Jack_and_Garmin_740.jpg

That’s my good buddy Jack aboard the 21-foot powerboat he’s named Buddy. The photo was taken a couple of Saturdays ago when he had just relaunched the boat after an extensive refit, and I’d like to think that Jack is indicating his happiness with my electronics advice. He’s a dedicated Garmin user — and the man responsible for the gorgeous all-Garmin helm I featured here — but he was thinking of going with a GPSMap 546 until I talked him into the 740…


Not that there’s anything wrong with the 546 — which is a lot like the 545 I once tested, with NMEA 2000 added. However, I think Jack was presuming that a small plotter was appropriate to a small vessel, and that’s a concept I’ve always questioned. Sure, financial and/or space budgets may mean that you have to settle for a small screen, but it’s not like you’re going to look at less chart because you’re on a smaller boat. In fact, smaller boats are often faster boats and so you need more chart to maintain the same situational awareness.
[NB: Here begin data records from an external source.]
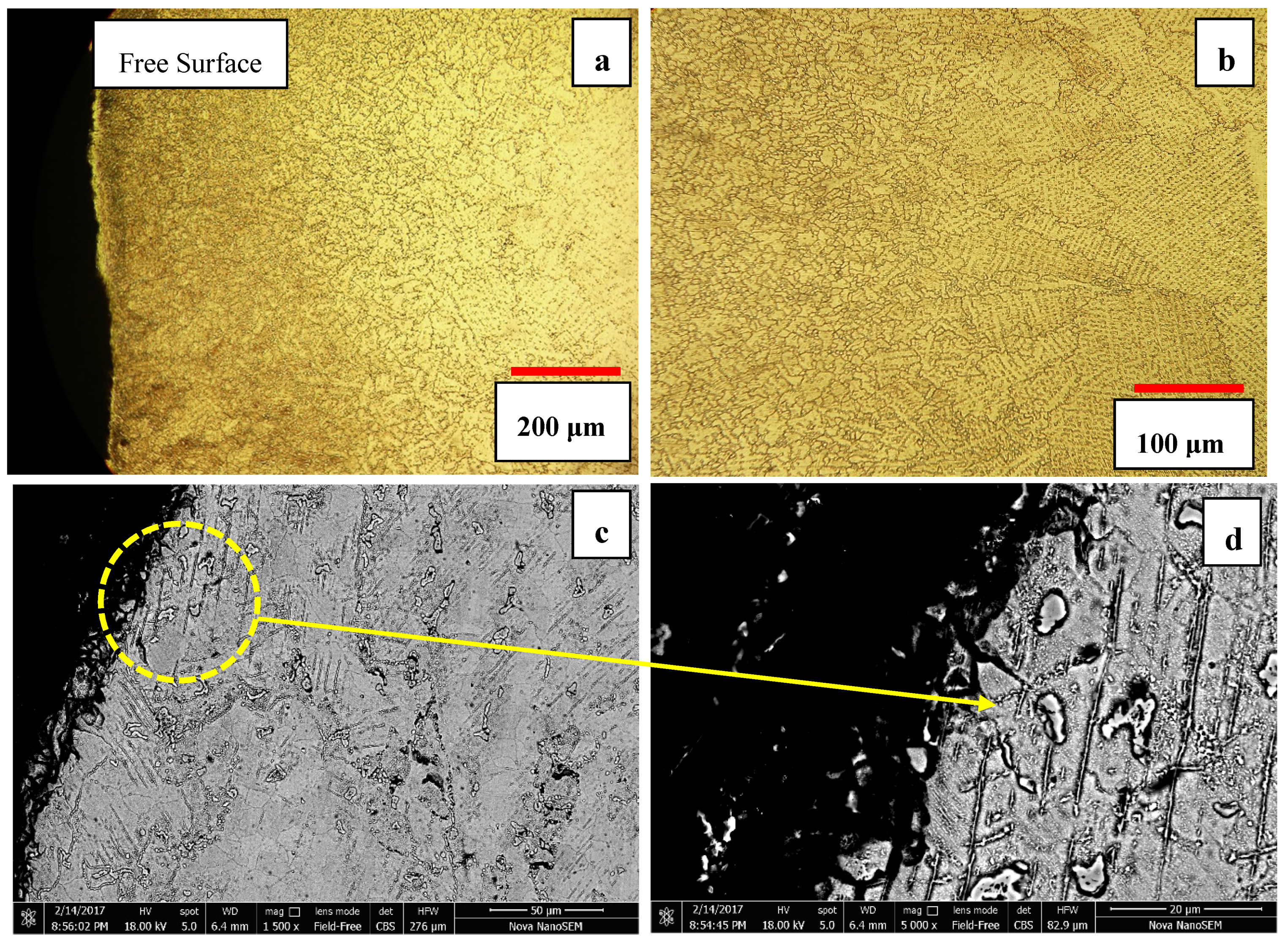 Metals 10 00861 g010
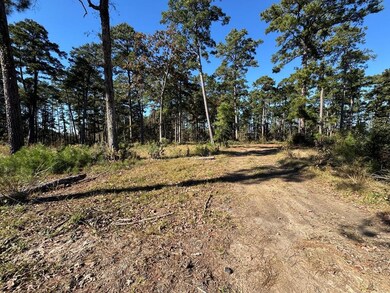 021 Private Road 6028 unit Tract 1-21, Brookeland, TX 75931 - photo 2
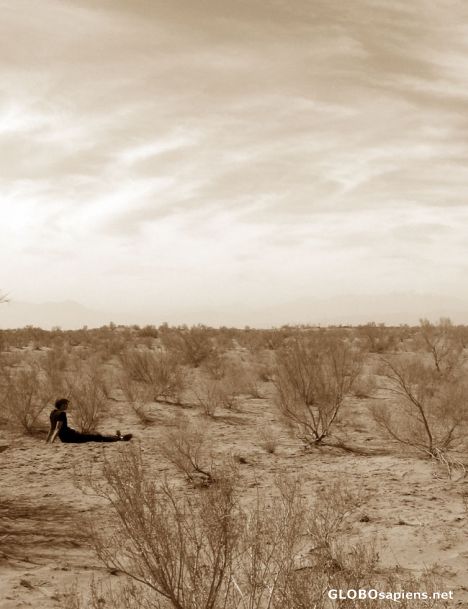 Postcard desert's lonliness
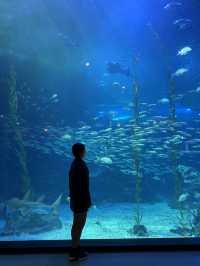 비가 오는 날 제주에서 실내 놀거리! 제주 아쿠아플라넷🐠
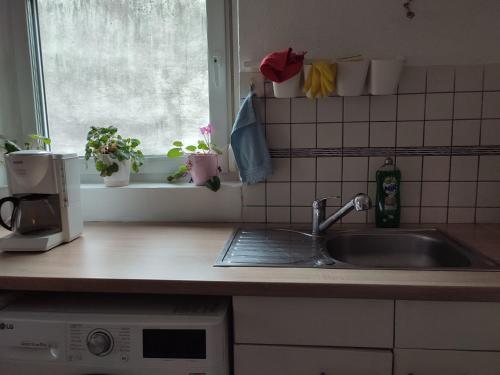 a kitchen counter with a sink and a window at Appartement chaleureux in Haguenau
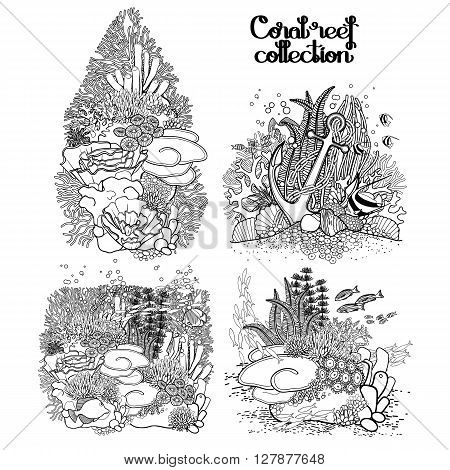 Coral reef  collection in line art style.  Sea and ocean plants and rocks isolated on white. Coloring page design.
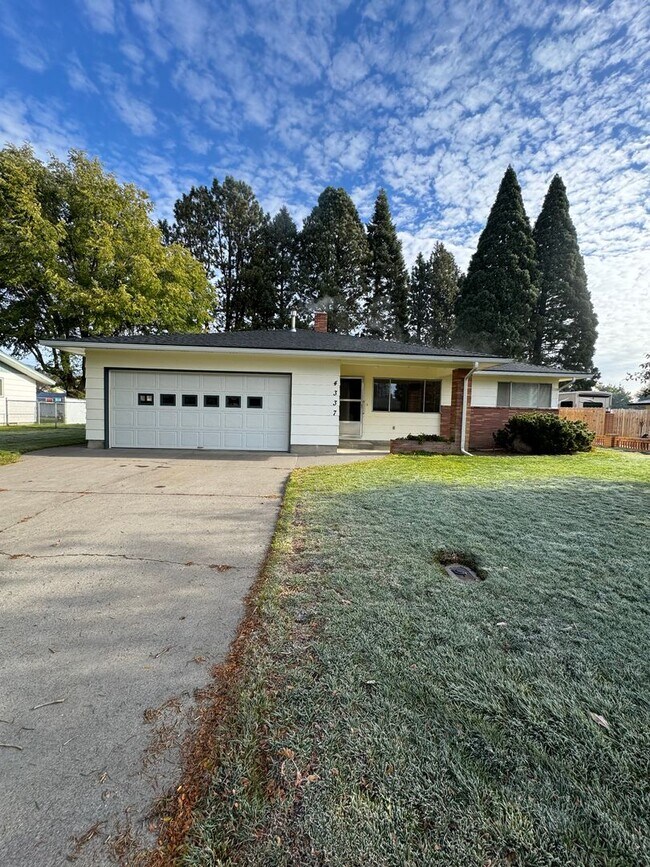 Building Photo - 4337 Lombard Dr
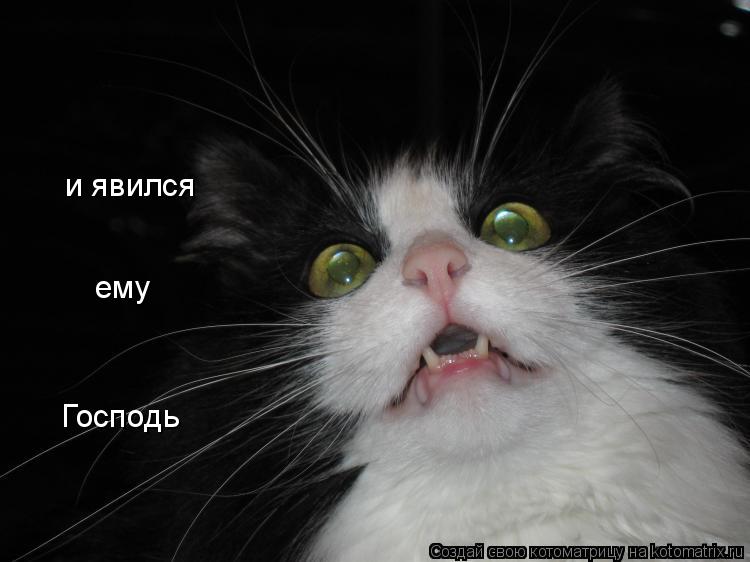 и явился ему Господь... Котоматрица: и явился ему Господь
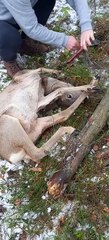 Guys Help Rescue Trapped Deer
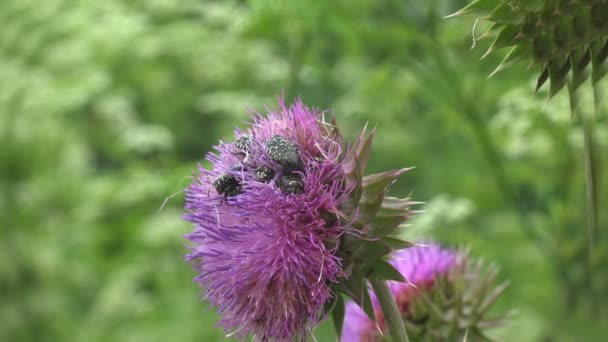 Crabronidae Familyasından Sphecius Specosus Ağustos Böceği Katili Veya Ağustos Böceği — Stok video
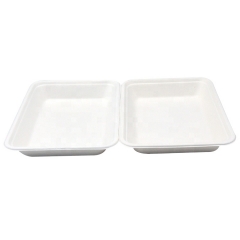 Compostable Sugarcane Disposable Tray Biodegradable With Lid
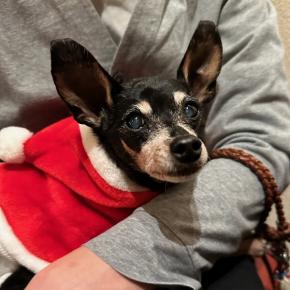 こけし家と忘年会 その2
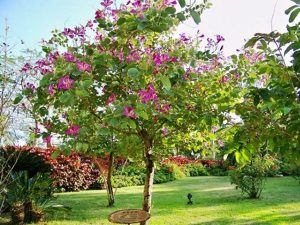 Phân Loại Cây Xanh Trong Thiết Kế Cảnh Quan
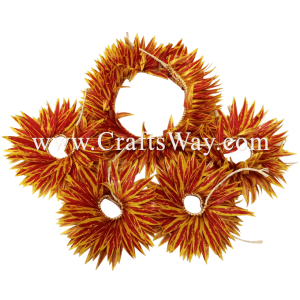 HULA-SET01 Braided Smooth Leaves Hula Set #1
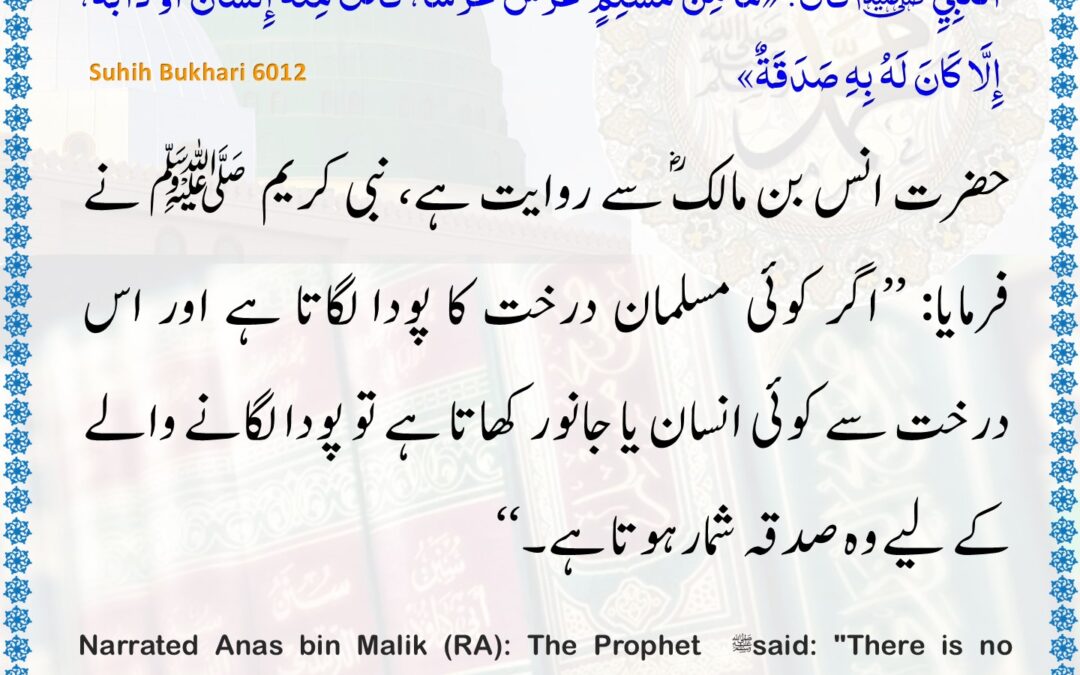 Sahih Bukhari – 6012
And if you must have a small screen, here’s hoping it’s fast at screen redraws because you’ll be zooming and panning more than with a larger screen.
  Besides, the 7-inch GPSMap 740 isn’t that much more expensive than the 546, especially given the touch screen ease and high speed redraws, and especially relative to the project (Jack had the little helm enclosed with some beautiful Johanson Boatworks glass work). Plus it would be easy to add a radar if, say, Jack or the next owner wants to use Buddy as all weather island commuter. Actually I’d recommended the 740s model as, again, the incremental cost is small and someone might enjoy fishing this boat one day. But Jack doesn’t take all my advice, and certainly his “ship’s clock” is entirely his own concept. He told me that he spent a lot of time at Walmart selecting just the right cheapo wristwatch to epoxy to the wiper motor. This is a case where the scale of the boat really does merit a similarly small screen; that watch is quite visible from anywhere in Buddy’s little cabin.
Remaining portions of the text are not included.